An SMB, less than 200 staff, has the ability to rapidly deploy competitive technology by tightly managing risk in a smaller environment. That, coupled with the “just do it” attitude of more agile executives in those companies, is starting to see the older business model of large enterprise become irrelevant. The cost model is easily managed using Cloud as a subscription and the SMB does not usually have to deal with older, complex, ICT systems. Cloud gives the SMB instant access to the global market.
The large enterprise is still commonly bound by the shareholder and suffers “short terminism” thinking. An older business model that sees focus put on every quarter rather than the long-term strategic life of the company. Worse, the margins in a large enterprise are high, because the structure demands that everyone, including the shareholder, take a cut.
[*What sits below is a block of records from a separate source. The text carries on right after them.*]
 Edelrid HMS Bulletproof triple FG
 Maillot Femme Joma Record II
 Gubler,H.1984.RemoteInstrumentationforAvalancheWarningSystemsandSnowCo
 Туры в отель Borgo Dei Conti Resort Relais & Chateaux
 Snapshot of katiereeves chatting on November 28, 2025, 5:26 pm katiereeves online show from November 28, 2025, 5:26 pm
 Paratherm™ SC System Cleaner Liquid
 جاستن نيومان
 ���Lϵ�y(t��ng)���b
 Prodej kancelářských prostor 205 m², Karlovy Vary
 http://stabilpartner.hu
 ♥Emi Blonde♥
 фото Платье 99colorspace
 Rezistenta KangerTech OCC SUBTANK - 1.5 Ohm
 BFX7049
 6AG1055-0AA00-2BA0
The days of an 80% margin on manufactured ICT products are over, and the SMB is going to lead the charge.
Some traditional Global ICT companies face extinction
Companies that have come late to the Cloud market, or have not yet arrived, are likely to be made extinct. Amazon, Microsoft, Rackspace, Google, and other mature Cloud providers have assured themselves a life in the future. Many other companies are doing one of three things, all of which are delaying the inevitable.
Trying to rebrand and move their product to a Cloud that they own, manage, and control. An example of this would be Oracle, who until recently, only allowed customers to utilise Oracle Cloud, on Oracle premises, using Oracle hardware. This was roundly condemned as non-Cloud two years ago, and Oracle has only now started to release the controls forming agreements with Microsoft and others. However, it may be too late for them to recover.
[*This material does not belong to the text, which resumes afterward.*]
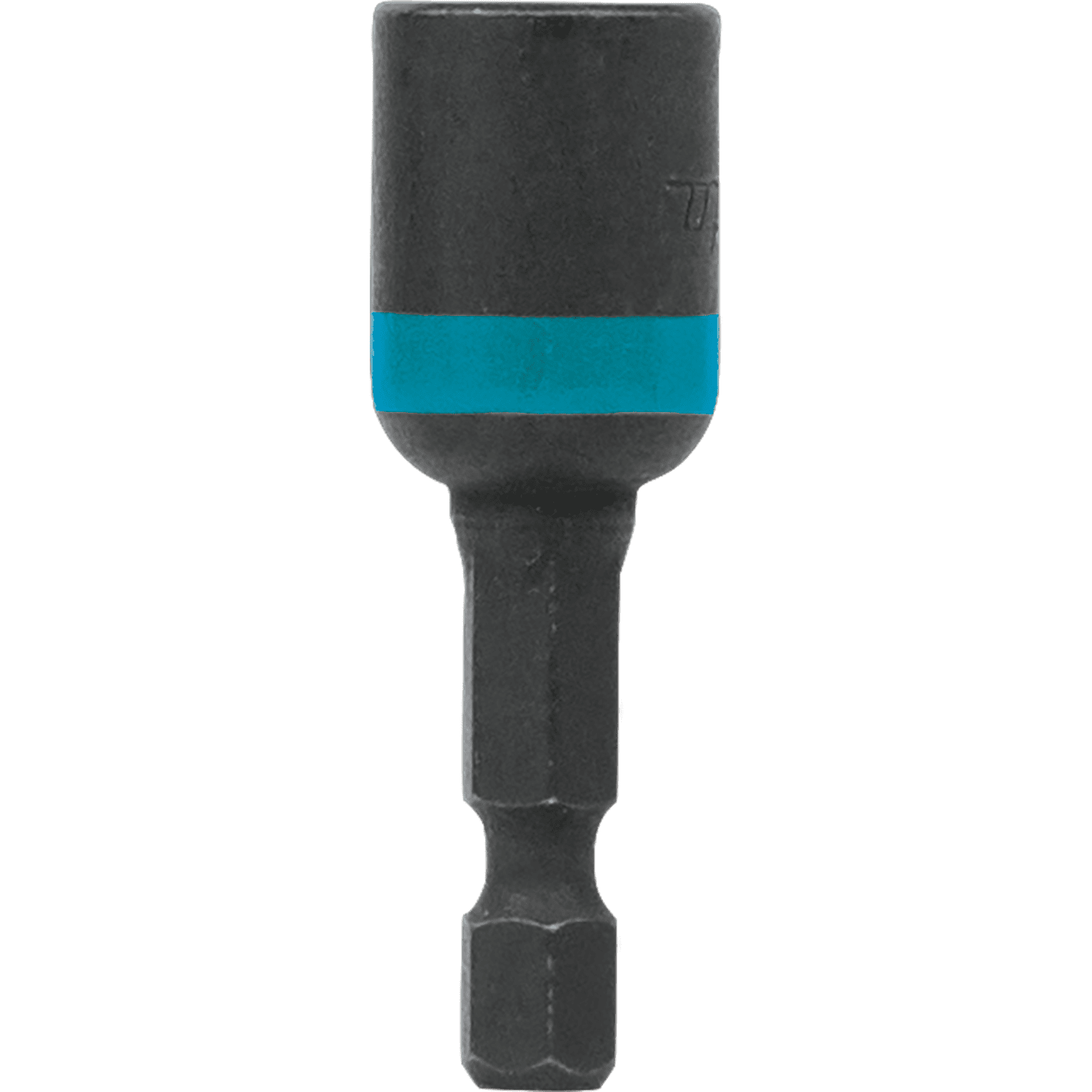 Picture of ImpactX 3/8" x 1-3/4" Magnetic Nut Driver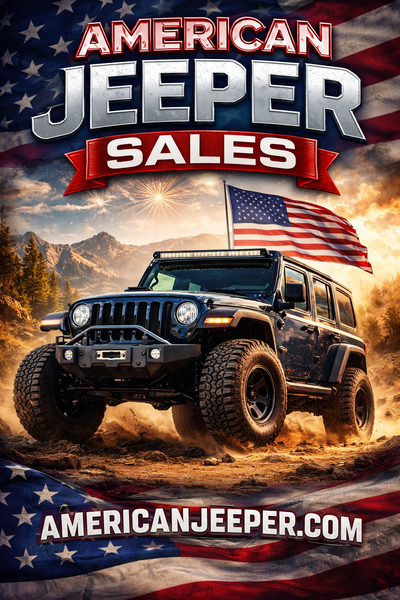 Mark Request for custome badge or image something....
Similarly, Hewlett Packard has been late to the Cloud market after missing the chance to trounce Microsoft and other global players around five years ago. HP had delivered their converged infrastructure product set to market, which at the time was a brilliant first stage for Cloud. They had reduced their number of total datacenters as well, and were well positioned to do the next step, which was migrating their customers from internal HP hardware to HP Cloud. Instead, they dithered, and now find themselves trying to sell that story now in a market that is very competitive.
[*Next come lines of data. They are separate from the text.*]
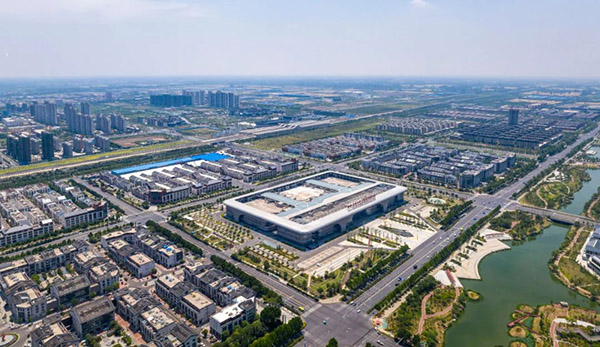 1669798081 首页| suncitygroup太阳集团中国官方网站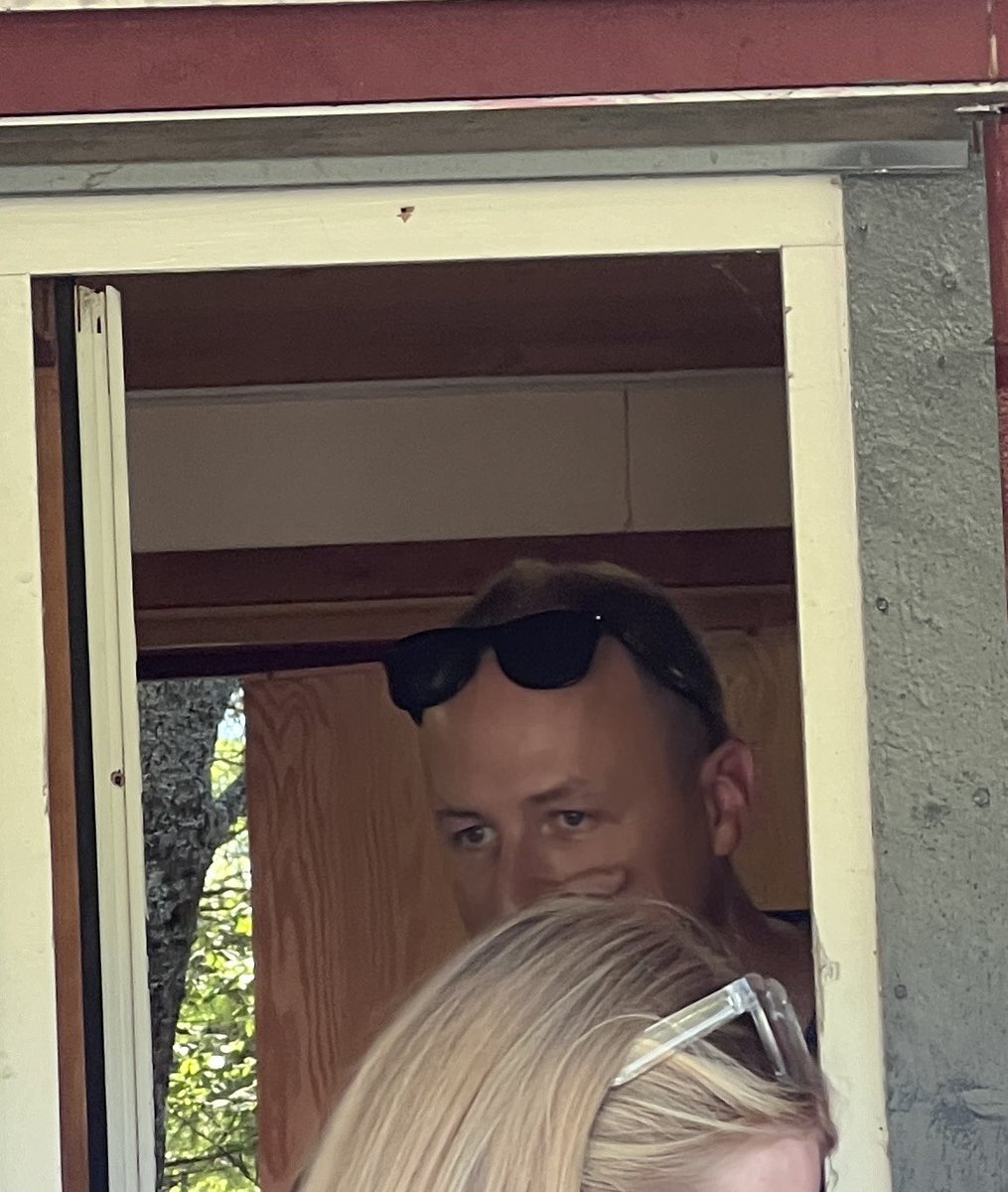 Marius Helgå tweet media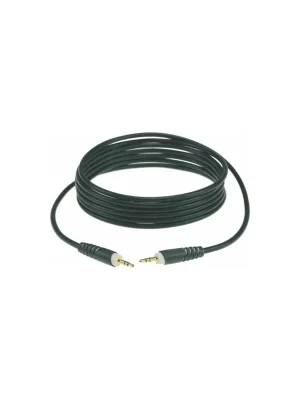 Nejlepší Cena KLOTZ AS-MM0150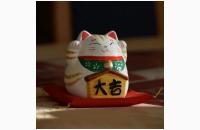幸せはどこからやってくるのか
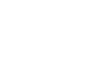 LISI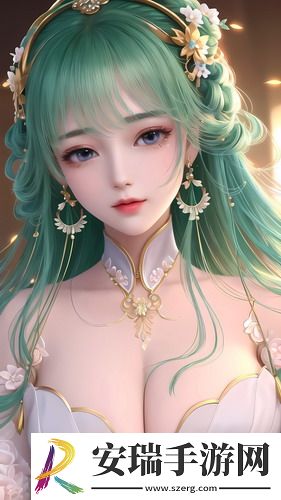 片库影视app免费版2.1.1截图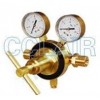 SR155MX-125，SR155MX-200，SR155MX-125-A，氣瓶集合裝置用減壓器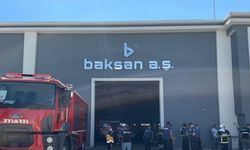GÜNCELLEME - Gaziantep'te vidanjörün patlaması sonucu 2 kişi öldü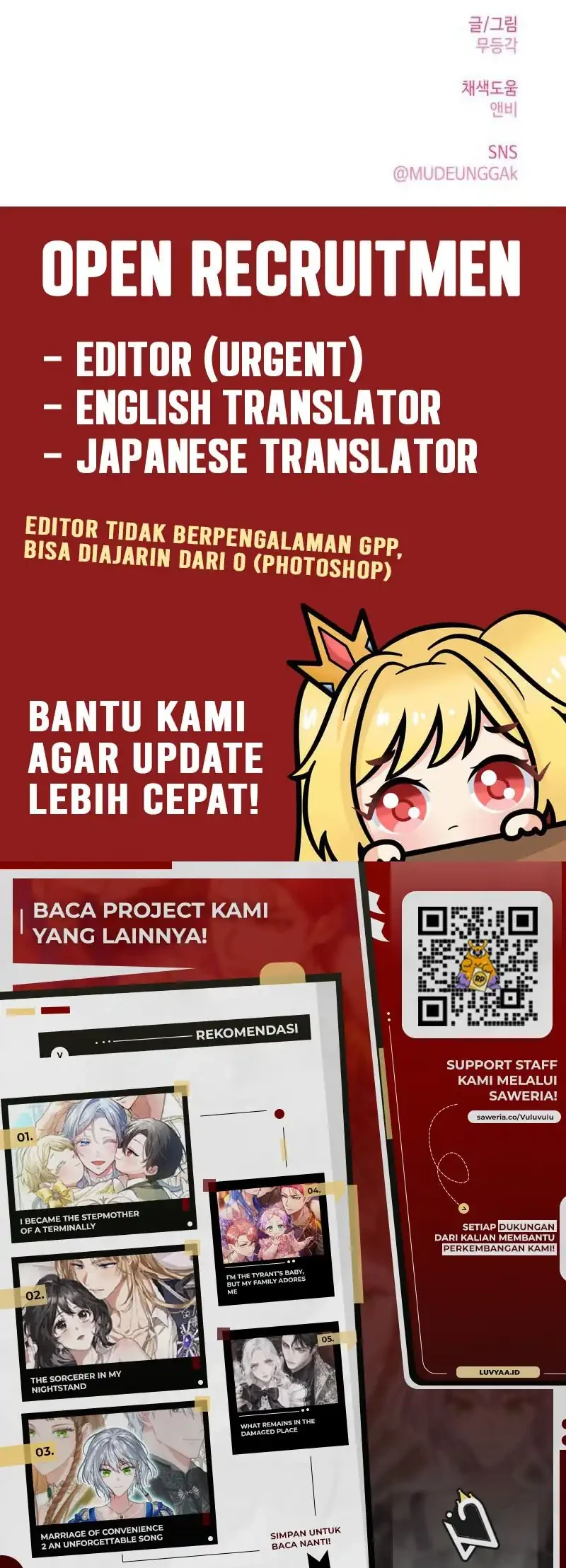 Halaman 93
While there is still a strong market for mainframe and high-end compute infrastructure, proprietary is being increasingly viewed as a bad thing, and these providers will have to face the fact that the Cloud can scale almost infinitely, meaning that large mainframe style hardware providers will slowly lose their customers.
There are moves afoot across the world, in particular the U.S., to tax the use of Cloud services. While this is still in its infancy, it is reasonable to expect to see taxation of Cloud services both cross-border and cross-state within a few short years.
The rise of integrators and brokers
One of the areas that is holding back the wholesale adoption of Cloud services by companies is a lack of skilled resource coupled with a complex Cloud front-end interface. Amazon may provide the cheapest Cloud services on the planet, but gaining access to them can be daunting for an organisation with no skills in Cloud.
This is a major challenge for Cloud providers. Bridging the gap between what their customers do today and the promise of Cloud.
Worse, enterprises have complex ICT systems, often with old, legacy information systems at the core. These are usually tightly coupled, often using non-standard or aged interfaces, so moving a service individually to Cloud can be very difficult.
To bridge those gaps, we are seeing the rise of integrators and brokers. An integrator providing the design work to couple enterprise services with Cloud while providing a roadmap to get there, while brokers work as the agent of the enterprise managing the often complex interface a Cloud service provider presents to the world.
The time of the broker will be short, five years, as Cloud providers smarten their offerings up with standardised tools and dashboards. The time of the integrator will be long, especially as Cloud providers move to the ability to seamlessly port customer workloads between various providers in real-time.
Security, Privacy, and Data Sovereignty will drive new innovations
Still listed as the primary reason for suspicion of Cloud is security. This coupled with privacy concerns, as a result of perceived security weaknesses, is holding back adoption of the Cloud. Adding to that complex mix is the fear of housing data outside of one’s country where it may be subject to laws that allow for it to be accessed by the nation state in which it is physically housed.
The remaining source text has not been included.